Flamingo-Küken tot aufgefunden: Zoo Krefeld hat einen Verdacht

Krefeld – Der Flamingo-Nachwuchs im Krefelder Zoo lebt nicht mehr. Die Nachforschungen dazu ergaben einen Verdacht.

Im Zoo Krefeld haben Fischotter wohl vier Flamingo-Küken gerissen (Symbolbild).
Im Zoo Krefeld haben Fischotter wohl vier Flamingo-Küken gerissen (Symbolbild).  © Patrick Pleul/dpa-Zentralbild/dpa

Die vier Flamingo-Küken seien im Verlauf der vorigen Woche mit Bissspuren tot aufgefunden worden, teilte der Zoo am Freitag mit. 

Der Tierpark sprach von einem "herben Verlust". Bei der pathologischen Untersuchung konnten die Bisspuren nicht eindeutig einem Raubtier zugeordnet werden.

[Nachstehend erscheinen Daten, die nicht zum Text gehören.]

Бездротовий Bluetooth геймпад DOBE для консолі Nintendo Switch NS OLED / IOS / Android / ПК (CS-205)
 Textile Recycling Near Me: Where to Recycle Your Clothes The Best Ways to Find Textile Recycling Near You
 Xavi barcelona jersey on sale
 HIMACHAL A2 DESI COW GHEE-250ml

Vermutet wird, dass ein Tier aus dem Zoo die Küken getötet hat. 

Abends hätten einige Mitarbeiter Wache gehalten und dabei überraschende Beobachtungen gemacht.

Denn Aufnahmen einer Wildkamera zeigten, wie einer der Fischotter nachts über die Flamingoanlage lief. Die Flamingos hätten beim Erscheinen des Otters keine Unruhe gezeigt.

Im Zaun der Fischotteranlage entdeckten Tierpfleger dann eine von außen nicht sichtbare, defekte Stelle, die nun repariert wurde. 

"Wir haben die Fischotter stark im Verdacht, die Küken gerissen zu haben", erklärte der Zoo auf seiner Internetseite.

Erst Anfang August hatten die Flamingos in Krefeld erstmals seit 13 Jahren wieder Nachwuchs bekommen.